Each of these elements combined function with expression, allowing the brand to show up through behaviour rather than surface styling.
Should you evolve a legacy brand for a future-facing AI product?
This wasn’t about inventing a brand from scratch. It was about evolving an established identity to meet the needs of a more dynamic, dialogue-led product.
We explored a range of directions in the early design phase. Some stayed close to the legacy system, rooted in flat vector graphics and bold block colours. But once we established that the assistant’s presence would be expressed through the brand mark, we began developing a 3D visual language. This opened up opportunities for fluid animation, depth, and responsiveness - qualities better suited to a product that operates in real time.
The AI product also needed to sit within a broader brand ecosystem. It drew on both the master brand and a prominent digital service line, each with distinct palettes and tones. We selected two core colours that bridged the gap, one aligned with the master’s professionalism, the other with the warmth and energy of the service brand. The introduction of gradients and lighting effects added a sense of motion and life.
The result was a visual language that respected the organisation’s legacy and broader brand architecture, while introducing a distinctive, expressive layer, designed specifically for a product that listens, adapts, and responds.
How important was creating a design system for Beta?
Designing for AI meant accepting that the boundaries were constantly moving. New capabilities, new models, and new ways of interacting were emerging in real time. We needed to deliver structure without rigidity.
To support a fast-moving beta, we established a clear, scalable design system that could anchor the product while allowing for change. It gave developers the tools to build quickly; modular components, reusable patterns, and flexible brand assets.
The design system acted as a foundation, but not a fixed one. It was built with change in mind, ready to adapt as the product and its possibilities evolved.
Reflections and takeaways
Representation carries weight
How you choose to personify your AI, if at all, has real implications. It influences how users relate to the system, who they think it’s for, and what kind of authority or empathy it appears to have.
Reputational risk is real
Tying the system to a real person can blur the lines between author and agent. When the AI makes a mistake, who is held responsible? Designing for AI means designing for edge cases and failures, not just ideal journeys.

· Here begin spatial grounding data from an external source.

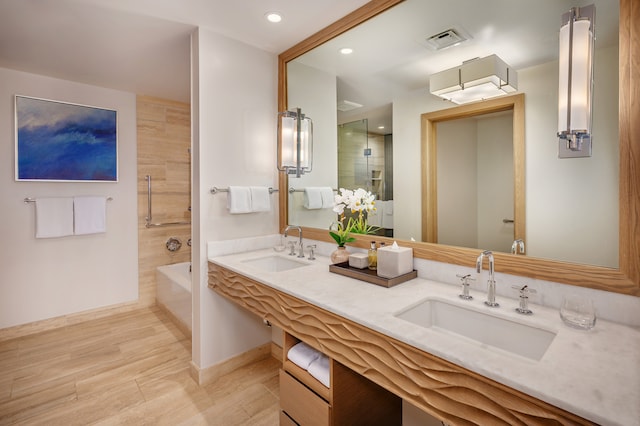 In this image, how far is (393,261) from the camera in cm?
156

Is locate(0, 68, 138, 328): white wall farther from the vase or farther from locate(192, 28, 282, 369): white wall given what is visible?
A: the vase

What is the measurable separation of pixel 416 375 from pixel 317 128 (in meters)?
1.83

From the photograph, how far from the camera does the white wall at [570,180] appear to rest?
115cm

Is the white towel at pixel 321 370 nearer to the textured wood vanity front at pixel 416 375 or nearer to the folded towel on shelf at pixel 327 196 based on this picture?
the textured wood vanity front at pixel 416 375

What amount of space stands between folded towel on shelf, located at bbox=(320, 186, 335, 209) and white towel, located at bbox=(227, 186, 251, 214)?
0.54m

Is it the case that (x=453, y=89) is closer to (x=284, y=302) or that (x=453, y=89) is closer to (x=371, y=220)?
(x=371, y=220)

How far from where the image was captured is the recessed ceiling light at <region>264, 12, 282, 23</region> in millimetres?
1982

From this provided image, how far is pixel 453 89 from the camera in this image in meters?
1.59

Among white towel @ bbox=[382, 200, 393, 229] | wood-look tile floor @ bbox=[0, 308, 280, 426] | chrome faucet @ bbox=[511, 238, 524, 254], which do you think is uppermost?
white towel @ bbox=[382, 200, 393, 229]

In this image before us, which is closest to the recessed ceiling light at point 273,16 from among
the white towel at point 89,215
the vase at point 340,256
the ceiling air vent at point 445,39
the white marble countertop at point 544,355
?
the ceiling air vent at point 445,39

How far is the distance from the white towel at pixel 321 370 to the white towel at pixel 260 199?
48.1 inches

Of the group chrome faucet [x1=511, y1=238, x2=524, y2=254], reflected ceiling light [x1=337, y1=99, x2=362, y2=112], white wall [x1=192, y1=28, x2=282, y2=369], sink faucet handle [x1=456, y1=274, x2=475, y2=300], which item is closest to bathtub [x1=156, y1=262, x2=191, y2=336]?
white wall [x1=192, y1=28, x2=282, y2=369]

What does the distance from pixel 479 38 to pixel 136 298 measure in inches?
152

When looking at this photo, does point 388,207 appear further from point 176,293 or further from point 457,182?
point 176,293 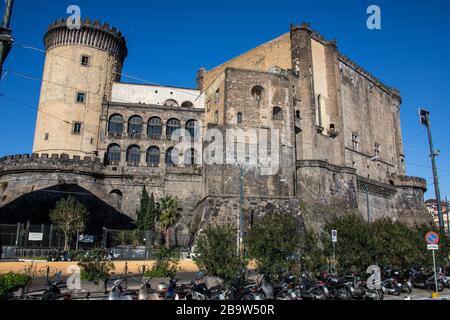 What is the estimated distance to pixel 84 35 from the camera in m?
42.1

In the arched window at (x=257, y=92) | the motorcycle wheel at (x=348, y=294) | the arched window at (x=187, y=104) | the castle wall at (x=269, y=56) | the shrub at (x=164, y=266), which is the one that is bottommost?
the motorcycle wheel at (x=348, y=294)

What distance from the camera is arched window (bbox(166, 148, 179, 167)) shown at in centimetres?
4103

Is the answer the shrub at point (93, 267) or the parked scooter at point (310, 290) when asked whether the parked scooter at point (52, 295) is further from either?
the parked scooter at point (310, 290)

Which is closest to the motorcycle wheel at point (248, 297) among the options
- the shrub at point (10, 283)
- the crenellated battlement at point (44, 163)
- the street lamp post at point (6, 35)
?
the shrub at point (10, 283)

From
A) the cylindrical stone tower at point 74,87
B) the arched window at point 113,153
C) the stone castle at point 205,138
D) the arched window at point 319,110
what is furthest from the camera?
the arched window at point 319,110

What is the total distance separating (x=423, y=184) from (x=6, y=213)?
47.4 m

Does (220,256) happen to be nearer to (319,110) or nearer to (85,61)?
(319,110)

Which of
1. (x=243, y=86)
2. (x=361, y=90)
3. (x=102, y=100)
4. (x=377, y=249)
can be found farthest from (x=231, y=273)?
(x=361, y=90)

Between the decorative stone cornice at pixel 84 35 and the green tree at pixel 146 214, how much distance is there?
20.2 meters

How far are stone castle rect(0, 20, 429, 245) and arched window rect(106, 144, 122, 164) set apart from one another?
107 millimetres

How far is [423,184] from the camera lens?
48906 millimetres

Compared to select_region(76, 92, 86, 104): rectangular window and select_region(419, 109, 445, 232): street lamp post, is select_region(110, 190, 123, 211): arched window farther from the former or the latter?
select_region(419, 109, 445, 232): street lamp post

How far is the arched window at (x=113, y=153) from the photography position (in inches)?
1569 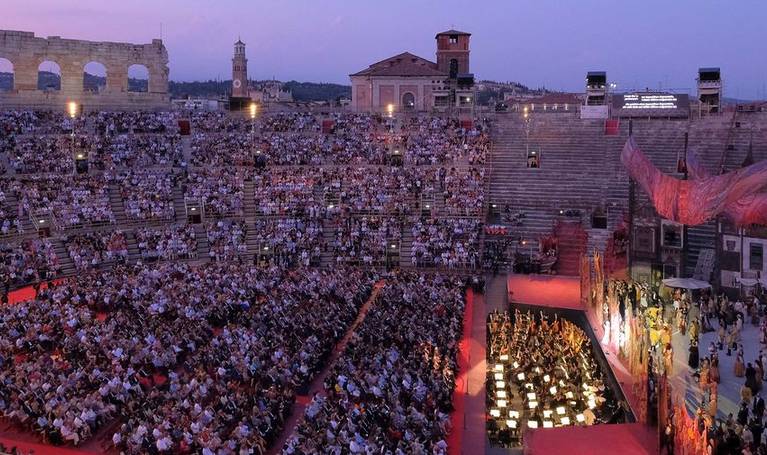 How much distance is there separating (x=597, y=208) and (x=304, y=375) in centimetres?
2172

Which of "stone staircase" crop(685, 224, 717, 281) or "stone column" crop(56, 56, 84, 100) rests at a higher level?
"stone column" crop(56, 56, 84, 100)

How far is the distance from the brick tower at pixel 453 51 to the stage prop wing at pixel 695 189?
4795 cm

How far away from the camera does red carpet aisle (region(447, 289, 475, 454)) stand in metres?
16.4

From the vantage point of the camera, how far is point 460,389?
19344mm

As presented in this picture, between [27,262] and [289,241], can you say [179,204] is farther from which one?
[27,262]

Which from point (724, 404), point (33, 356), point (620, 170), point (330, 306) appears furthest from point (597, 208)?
point (33, 356)

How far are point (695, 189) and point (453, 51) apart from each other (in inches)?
2114

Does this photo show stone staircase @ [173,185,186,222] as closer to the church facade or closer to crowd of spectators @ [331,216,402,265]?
crowd of spectators @ [331,216,402,265]

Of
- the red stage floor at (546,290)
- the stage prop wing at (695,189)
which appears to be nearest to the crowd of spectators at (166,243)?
the red stage floor at (546,290)

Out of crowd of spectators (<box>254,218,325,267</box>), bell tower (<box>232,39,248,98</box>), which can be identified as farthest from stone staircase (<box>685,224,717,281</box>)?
bell tower (<box>232,39,248,98</box>)

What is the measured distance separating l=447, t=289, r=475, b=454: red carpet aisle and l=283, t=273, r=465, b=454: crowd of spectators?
338 mm

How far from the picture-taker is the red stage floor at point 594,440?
48.4 ft

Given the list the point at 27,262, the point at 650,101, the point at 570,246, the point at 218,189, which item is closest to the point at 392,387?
the point at 570,246

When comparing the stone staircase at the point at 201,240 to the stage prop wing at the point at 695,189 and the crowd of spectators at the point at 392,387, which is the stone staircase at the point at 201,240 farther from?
the stage prop wing at the point at 695,189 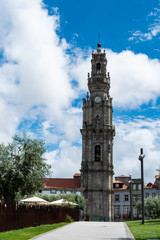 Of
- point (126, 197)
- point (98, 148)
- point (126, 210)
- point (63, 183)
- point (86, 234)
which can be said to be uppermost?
point (98, 148)

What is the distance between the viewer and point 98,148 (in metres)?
76.8

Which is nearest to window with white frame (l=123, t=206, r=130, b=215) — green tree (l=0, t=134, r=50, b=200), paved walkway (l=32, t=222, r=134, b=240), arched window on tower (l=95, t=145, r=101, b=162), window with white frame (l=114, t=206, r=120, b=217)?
window with white frame (l=114, t=206, r=120, b=217)

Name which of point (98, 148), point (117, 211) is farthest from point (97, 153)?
point (117, 211)

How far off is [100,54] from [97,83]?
905 cm

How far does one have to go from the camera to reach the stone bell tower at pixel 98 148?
72.7m

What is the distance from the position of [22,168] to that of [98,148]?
4589 centimetres

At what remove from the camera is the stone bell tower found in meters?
72.7

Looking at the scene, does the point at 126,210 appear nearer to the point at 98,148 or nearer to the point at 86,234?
the point at 98,148

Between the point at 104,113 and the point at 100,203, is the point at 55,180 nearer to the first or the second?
the point at 100,203

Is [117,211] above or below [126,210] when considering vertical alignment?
below

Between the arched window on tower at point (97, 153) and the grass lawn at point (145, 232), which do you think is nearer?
the grass lawn at point (145, 232)

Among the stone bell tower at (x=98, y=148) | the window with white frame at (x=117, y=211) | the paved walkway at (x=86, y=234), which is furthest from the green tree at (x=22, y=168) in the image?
the window with white frame at (x=117, y=211)

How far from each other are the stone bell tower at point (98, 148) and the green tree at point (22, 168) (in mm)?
38640

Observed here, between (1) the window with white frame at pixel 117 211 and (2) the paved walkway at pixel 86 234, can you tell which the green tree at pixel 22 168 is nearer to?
(2) the paved walkway at pixel 86 234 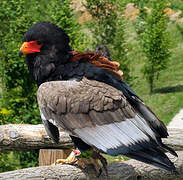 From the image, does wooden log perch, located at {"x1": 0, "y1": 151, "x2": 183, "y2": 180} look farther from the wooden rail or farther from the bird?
the bird

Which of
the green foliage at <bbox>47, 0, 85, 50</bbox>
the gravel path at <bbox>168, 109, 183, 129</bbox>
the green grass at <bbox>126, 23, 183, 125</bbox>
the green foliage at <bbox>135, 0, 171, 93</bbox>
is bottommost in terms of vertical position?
the green grass at <bbox>126, 23, 183, 125</bbox>

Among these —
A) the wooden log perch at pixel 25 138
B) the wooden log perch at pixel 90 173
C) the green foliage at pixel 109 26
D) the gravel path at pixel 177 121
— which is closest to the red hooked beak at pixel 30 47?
the wooden log perch at pixel 25 138

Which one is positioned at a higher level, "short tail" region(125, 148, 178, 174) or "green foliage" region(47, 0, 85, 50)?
"green foliage" region(47, 0, 85, 50)

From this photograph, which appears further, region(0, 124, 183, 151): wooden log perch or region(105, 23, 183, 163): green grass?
region(105, 23, 183, 163): green grass

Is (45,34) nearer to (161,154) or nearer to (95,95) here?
(95,95)

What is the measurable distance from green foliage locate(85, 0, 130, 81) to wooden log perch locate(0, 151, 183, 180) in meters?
7.95

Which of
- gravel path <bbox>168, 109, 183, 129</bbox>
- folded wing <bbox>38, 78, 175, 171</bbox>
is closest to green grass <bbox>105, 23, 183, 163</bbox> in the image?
gravel path <bbox>168, 109, 183, 129</bbox>

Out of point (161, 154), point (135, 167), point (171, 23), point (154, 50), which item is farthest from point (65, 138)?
point (171, 23)

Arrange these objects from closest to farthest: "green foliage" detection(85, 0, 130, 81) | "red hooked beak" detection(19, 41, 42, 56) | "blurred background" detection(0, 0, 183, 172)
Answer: "red hooked beak" detection(19, 41, 42, 56)
"blurred background" detection(0, 0, 183, 172)
"green foliage" detection(85, 0, 130, 81)

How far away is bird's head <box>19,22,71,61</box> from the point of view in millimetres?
3250

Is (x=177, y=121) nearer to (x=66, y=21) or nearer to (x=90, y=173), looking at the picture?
(x=66, y=21)

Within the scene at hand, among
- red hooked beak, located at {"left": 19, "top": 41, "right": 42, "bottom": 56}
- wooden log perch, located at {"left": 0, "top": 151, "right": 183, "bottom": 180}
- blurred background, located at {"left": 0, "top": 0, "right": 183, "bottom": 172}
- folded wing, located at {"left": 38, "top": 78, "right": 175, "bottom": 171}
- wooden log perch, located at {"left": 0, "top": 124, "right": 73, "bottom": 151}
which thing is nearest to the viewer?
wooden log perch, located at {"left": 0, "top": 151, "right": 183, "bottom": 180}

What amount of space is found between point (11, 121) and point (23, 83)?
0.59 metres

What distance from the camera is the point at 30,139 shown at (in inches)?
142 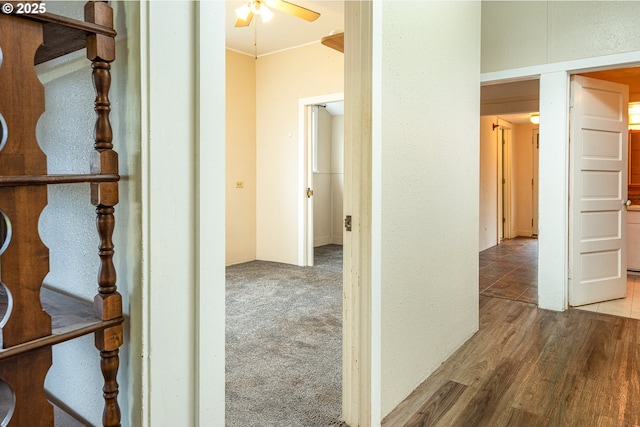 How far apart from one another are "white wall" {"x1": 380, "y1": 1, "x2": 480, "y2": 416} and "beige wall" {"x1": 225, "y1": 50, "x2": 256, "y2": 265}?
331 centimetres

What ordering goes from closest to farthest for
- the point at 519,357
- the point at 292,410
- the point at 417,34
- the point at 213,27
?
the point at 213,27 → the point at 292,410 → the point at 417,34 → the point at 519,357

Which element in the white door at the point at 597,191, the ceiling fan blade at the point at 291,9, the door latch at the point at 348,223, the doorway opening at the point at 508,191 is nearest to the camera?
the door latch at the point at 348,223

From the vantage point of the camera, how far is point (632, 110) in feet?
17.1

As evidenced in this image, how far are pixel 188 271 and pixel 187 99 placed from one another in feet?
1.36

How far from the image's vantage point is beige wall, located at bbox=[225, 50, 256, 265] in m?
5.34

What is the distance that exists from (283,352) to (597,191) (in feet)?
10.3

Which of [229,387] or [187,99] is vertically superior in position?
[187,99]

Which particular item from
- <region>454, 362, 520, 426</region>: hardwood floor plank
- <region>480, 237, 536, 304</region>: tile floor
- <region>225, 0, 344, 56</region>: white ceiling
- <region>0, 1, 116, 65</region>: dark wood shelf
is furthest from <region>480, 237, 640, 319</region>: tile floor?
<region>0, 1, 116, 65</region>: dark wood shelf

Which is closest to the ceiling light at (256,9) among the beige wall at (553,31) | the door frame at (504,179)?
the beige wall at (553,31)

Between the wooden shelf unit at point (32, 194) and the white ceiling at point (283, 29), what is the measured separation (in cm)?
348

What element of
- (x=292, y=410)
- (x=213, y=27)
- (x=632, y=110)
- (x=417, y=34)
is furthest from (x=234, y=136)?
(x=632, y=110)

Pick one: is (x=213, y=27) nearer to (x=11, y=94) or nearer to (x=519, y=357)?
(x=11, y=94)

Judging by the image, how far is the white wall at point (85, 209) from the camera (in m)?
0.93

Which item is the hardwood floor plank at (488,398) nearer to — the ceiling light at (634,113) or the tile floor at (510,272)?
the tile floor at (510,272) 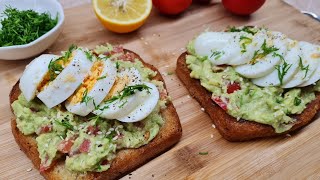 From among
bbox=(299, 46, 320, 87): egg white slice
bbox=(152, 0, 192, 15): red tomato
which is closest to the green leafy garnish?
bbox=(152, 0, 192, 15): red tomato

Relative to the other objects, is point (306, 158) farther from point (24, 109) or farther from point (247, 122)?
point (24, 109)

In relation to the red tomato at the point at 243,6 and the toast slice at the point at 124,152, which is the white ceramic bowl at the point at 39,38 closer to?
the toast slice at the point at 124,152

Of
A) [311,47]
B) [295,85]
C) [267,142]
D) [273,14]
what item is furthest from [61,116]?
[273,14]

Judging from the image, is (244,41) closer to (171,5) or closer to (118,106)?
(171,5)

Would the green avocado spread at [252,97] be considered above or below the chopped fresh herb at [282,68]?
below

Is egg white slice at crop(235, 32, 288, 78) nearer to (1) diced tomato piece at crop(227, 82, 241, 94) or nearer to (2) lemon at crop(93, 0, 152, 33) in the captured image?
(1) diced tomato piece at crop(227, 82, 241, 94)

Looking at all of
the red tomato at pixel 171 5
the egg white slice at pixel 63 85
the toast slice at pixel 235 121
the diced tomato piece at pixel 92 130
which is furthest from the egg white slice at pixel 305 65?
the egg white slice at pixel 63 85

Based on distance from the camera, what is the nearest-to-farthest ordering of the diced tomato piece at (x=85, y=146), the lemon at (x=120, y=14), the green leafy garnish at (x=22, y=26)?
the diced tomato piece at (x=85, y=146), the green leafy garnish at (x=22, y=26), the lemon at (x=120, y=14) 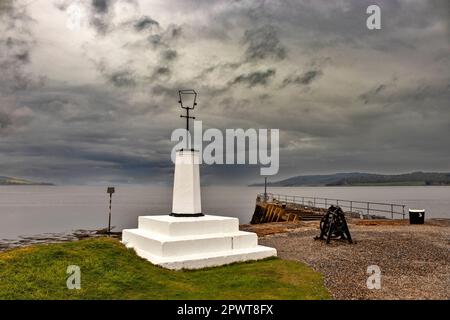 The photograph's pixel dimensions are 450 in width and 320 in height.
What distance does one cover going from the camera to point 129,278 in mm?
9938

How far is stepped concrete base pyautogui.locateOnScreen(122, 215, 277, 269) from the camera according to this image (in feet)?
40.6

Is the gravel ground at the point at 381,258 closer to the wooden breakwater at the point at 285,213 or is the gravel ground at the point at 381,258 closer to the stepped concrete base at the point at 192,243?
the stepped concrete base at the point at 192,243

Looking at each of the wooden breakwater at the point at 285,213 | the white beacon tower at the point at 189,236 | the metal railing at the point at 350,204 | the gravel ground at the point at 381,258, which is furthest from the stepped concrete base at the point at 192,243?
the wooden breakwater at the point at 285,213

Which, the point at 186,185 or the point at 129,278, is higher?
the point at 186,185

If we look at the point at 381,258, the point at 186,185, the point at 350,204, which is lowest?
the point at 350,204

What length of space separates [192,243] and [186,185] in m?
2.70

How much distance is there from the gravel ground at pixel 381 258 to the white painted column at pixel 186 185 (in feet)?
13.4

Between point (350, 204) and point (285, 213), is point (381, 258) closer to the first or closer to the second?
point (285, 213)

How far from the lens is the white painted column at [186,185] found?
14.7 metres

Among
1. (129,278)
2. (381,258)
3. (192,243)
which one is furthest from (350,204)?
(129,278)

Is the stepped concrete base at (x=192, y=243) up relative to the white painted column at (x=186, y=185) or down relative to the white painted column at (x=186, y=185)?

Anthropomorphism can take many forms
Whether it’s a friendly character or an abstracted mark with lifelike behaviour, anthropomorphism can offer alternatives to literal human likeness.
Movement should be meaningful
Rather than assigning human features, specific movements and micro-interactions can make the AI feel engaged, without needing to look like a person.
Evaluate new tools with care
AI design moves fast, and the tools available are powerful. But new capability shouldn’t automatically drive creative direction. Always come back to the user's needs and the desired product outcome.
Behaviour defines brand
Use those behavioural insights to define tone, rhythm, and interaction then build the brand around them.
Small spaces require clear signals
In conversation-led UIs, there’s limited space. Animation and tone need to work harder, reinforcing intent, building trust, and keeping users oriented without visual clutter.
Understand your brand ecosystem
When AI products they sit alongside an existing service and brands, evolve elements to ensure consistency, while introducing new forms of expression suited to real-time interaction.
Make your design system work for speed
Beta phases require momentum. A modular, lightweight system enables developers to build fast while staying on-brand. Think of flexible components, clear rules, and reusable assets.
Expect everything to shift
AI tools, user expectations, and interaction models evolve constantly. What feels impossible this today might be possible tomorrow.